Tout comme vous, en cette période extra-ordinaire, je consulte plus que d’habitude les réseaux sociaux et j’ai vu passer à plusieurs reprises des messages disant que nous vivons une période d’intense combat entre l’ombre et la lumière et que la lumière allait vaincre. Euh… là je m’interroge, c’est quoi cette blague ?! A toutes celles et ceux qui sont dans ce « combat » et veulent voir la lumière triompher, je demande : « Êtes-vous sérieux, là ??? Que voulez-vous exactement voir émerger ? Imaginez-vous vraiment un monde sans ombre ? Autrement dit un jour où brille le soleil 24 heures sur 24, 365 jours par an ? Pensez-vous que la vie soit réellement possible dans de telles conditions ? » Ombre et lumière ne sont que les deux faces d’une seule et même réalité !
Bien sûr, moi aussi, comme beaucoup d’entre vous, j’aspire à un monde plus en paix, en harmonie, en équilibre et surtout plus équitable, mais en aucun cas je ne veux gagner un quelconque combat ! J’ai aussi mes parts d’ombre, tout comme mes côtés de lumière mais si je me mets à combattre mon ombre au lieu d’y plonger, de chercher à la connaître et voir ce que je peux transformer en moi et mettre en lumière, alors je ne suis qu’en lutte avec moi-même. Je vis un combat interne permanent et qu’ai-je alors à offrir aux autres, au monde ? Si ce n’est un déséquilibre et pour finir un champ de ruines !
Depuis de nombreuses années j’ai appris à accueillir mon ombre, à voir ce qu’elle voulait m’enseigner et à chaque part d’ombre ainsi révélée, j’ai laissé passer un peu plus de lumière en moi.
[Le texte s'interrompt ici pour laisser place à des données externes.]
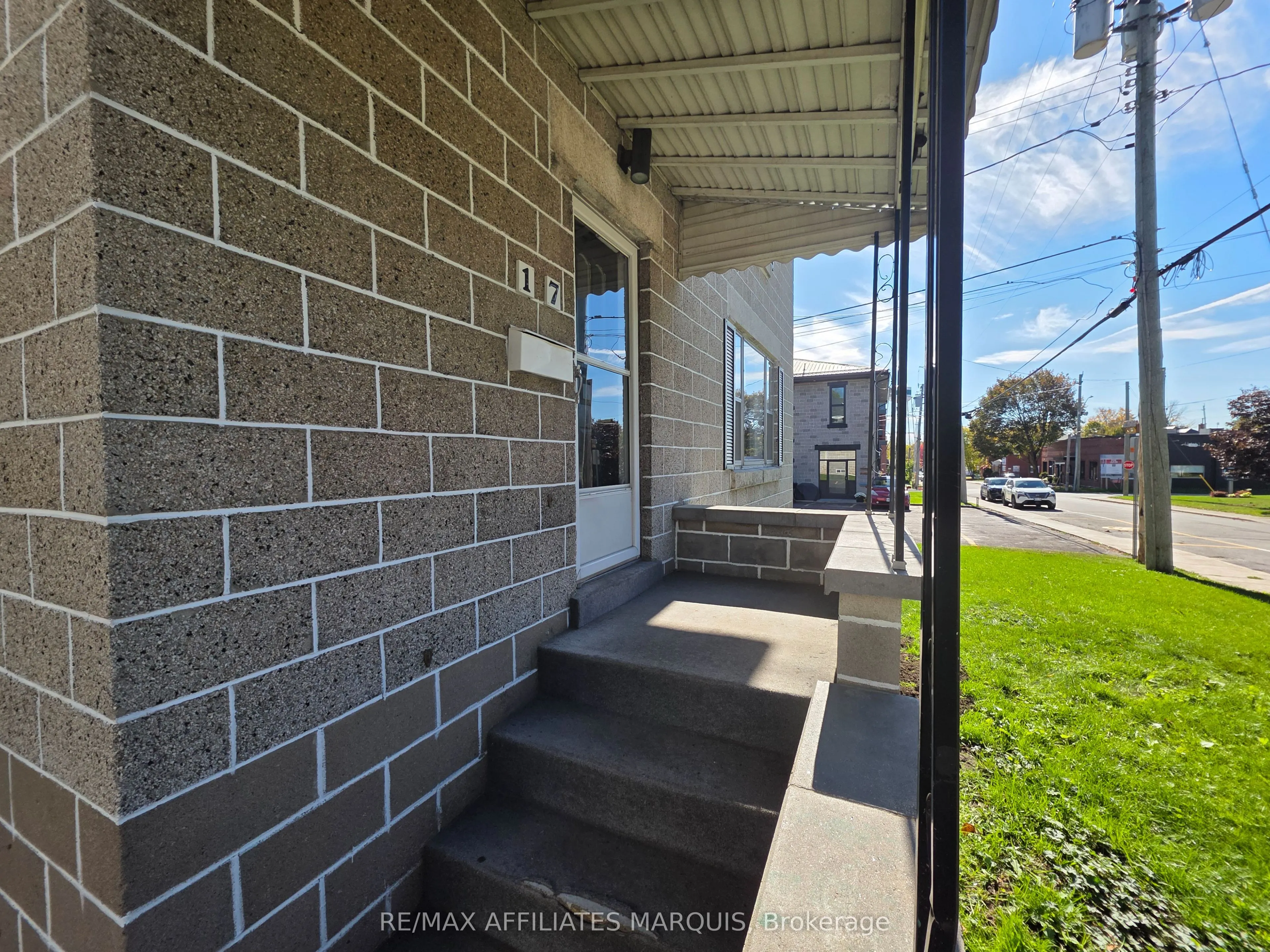 17 MAPLE Avenue N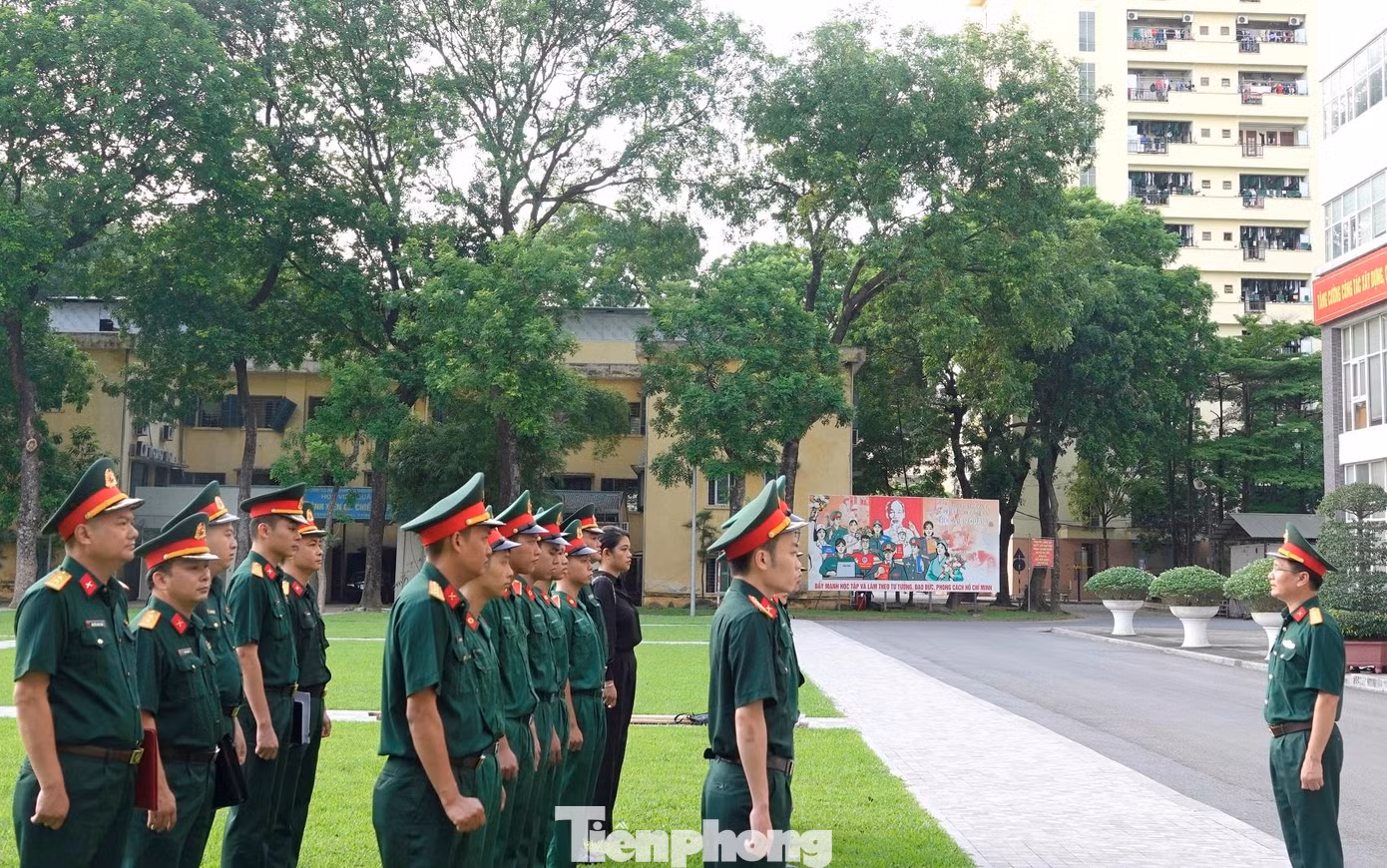 Lãnh đạo Phòng Chính trị Học viện Quân y giao nhiệm vụ cho đoàn công tác, trước khi xuất phát từ Học viện tới xã Vô Tranh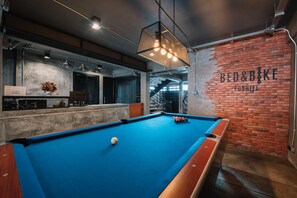 Billiards - Bed & Bike Hostel (Chiang Rai)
Mais je sais que jamais je ne serai pure lumière… sinon j’aurais soit occulté une partie de moi jugée gênante, soit je me mentirais !
En ce temps de pause, je me suis alors replongée dans ma lecture favorite : les « Lettres à un jeune poète » de Rainer Maria Rilke et j’y ai retrouvé ce passage tellement explicite : « Votre regard est tourné vers le dehors ; c’est cela surtout que maintenant vous ne devez plus faire. (…) Il n’est qu’un seul chemin. Entrez en vous-même (…) Une seule chose est nécessaire : la solitude. La grande solitude intérieure. Aller en soi-même, et ne rencontrer durant des heures personne, c’est à cela qu’il faut parvenir. (…) Ainsi pour celui qui devient solitude, toutes les distances, toutes les mesures changent. » Cette rencontre avec nous-même nous est aujourd’hui imposée par cet arrêt forcé et c’est une vraie opportunité que nous devons saisir pour visiter nos ombres et en faire jaillir notre lumière et ne plus être dans cette dualité égotique, ne plus être dans ces jugements qui fragmentent et divisent.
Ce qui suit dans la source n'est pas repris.